ABOUT THIS TASK
Please print all of the records shown below, exactly as given.

AVAILABLE RECORDS
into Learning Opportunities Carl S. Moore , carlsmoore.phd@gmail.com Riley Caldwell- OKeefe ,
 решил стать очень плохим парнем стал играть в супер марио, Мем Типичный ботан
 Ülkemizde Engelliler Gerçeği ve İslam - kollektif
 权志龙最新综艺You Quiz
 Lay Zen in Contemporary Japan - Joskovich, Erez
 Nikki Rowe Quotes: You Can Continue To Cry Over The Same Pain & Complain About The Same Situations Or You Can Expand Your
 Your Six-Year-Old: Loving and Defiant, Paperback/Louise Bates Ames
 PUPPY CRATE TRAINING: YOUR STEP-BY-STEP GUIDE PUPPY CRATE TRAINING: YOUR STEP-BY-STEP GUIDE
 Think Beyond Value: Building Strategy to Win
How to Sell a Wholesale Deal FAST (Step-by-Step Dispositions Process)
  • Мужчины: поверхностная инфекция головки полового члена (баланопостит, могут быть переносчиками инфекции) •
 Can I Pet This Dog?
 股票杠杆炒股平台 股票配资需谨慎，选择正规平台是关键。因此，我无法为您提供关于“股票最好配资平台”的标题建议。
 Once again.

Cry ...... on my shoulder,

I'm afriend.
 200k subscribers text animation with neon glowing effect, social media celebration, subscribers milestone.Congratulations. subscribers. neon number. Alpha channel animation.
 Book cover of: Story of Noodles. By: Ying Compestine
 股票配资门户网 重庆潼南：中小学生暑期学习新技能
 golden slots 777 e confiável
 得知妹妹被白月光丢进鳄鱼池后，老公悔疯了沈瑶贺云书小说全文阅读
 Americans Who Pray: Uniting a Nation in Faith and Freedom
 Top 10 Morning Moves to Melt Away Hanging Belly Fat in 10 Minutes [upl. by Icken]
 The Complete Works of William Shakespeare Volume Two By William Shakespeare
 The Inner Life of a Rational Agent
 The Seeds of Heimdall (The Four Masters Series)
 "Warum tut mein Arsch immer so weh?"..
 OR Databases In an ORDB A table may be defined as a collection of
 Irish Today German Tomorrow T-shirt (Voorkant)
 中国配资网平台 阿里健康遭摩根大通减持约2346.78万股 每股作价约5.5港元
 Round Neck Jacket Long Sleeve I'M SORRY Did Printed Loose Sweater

SOLVED EXERCISE
into Learning Opportunities Carl S. Moore , carlsmoore.phd@gmail.com Riley Caldwell- OKeefe ,
 решил стать очень плохим парнем стал играть в супер марио, Мем Типичный ботан
 Ülkemizde Engelliler Gerçeği ve İslam - kollektif
 权志龙最新综艺You Quiz
 Lay Zen in Contemporary Japan - Joskovich, Erez
 Nikki Rowe Quotes: You Can Continue To Cry Over The Same Pain & Complain About The Same Situations Or You Can Expand Your
 Your Six-Year-Old: Loving and Defiant, Paperback/Louise Bates Ames
 PUPPY CRATE TRAINING: YOUR STEP-BY-STEP GUIDE PUPPY CRATE TRAINING: YOUR STEP-BY-STEP GUIDE
 Think Beyond Value: Building Strategy to Win
How to Sell a Wholesale Deal FAST (Step-by-Step Dispositions Process)
  • Мужчины: поверхностная инфекция головки полового члена (баланопостит, могут быть переносчиками инфекции) •
 Can I Pet This Dog?
 股票杠杆炒股平台 股票配资需谨慎，选择正规平台是关键。因此，我无法为您提供关于“股票最好配资平台”的标题建议。
 Once again.

Cry ...... on my shoulder,

I'm afriend.
 200k subscribers text animation with neon glowing effect, social media celebration, subscribers milestone.Congratulations. subscribers. neon number. Alpha channel animation.
 Book cover of: Story of Noodles. By: Ying Compestine
 股票配资门户网 重庆潼南：中小学生暑期学习新技能
 golden slots 777 e confiável
 得知妹妹被白月光丢进鳄鱼池后，老公悔疯了沈瑶贺云书小说全文阅读
 Americans Who Pray: Uniting a Nation in Faith and Freedom
 Top 10 Morning Moves to Melt Away Hanging Belly Fat in 10 Minutes [upl. by Icken]
 The Complete Works of William Shakespeare Volume Two By William Shakespeare
 The Inner Life of a Rational Agent
 The Seeds of Heimdall (The Four Masters Series)
 "Warum tut mein Arsch immer so weh?"..
 OR Databases In an ORDB A table may be defined as a collection of
 Irish Today German Tomorrow T-shirt (Voorkant)
 中国配资网平台 阿里健康遭摩根大通减持约2346.78万股 每股作价约5.5港元
 Round Neck Jacket Long Sleeve I'M SORRY Did Printed Loose Sweater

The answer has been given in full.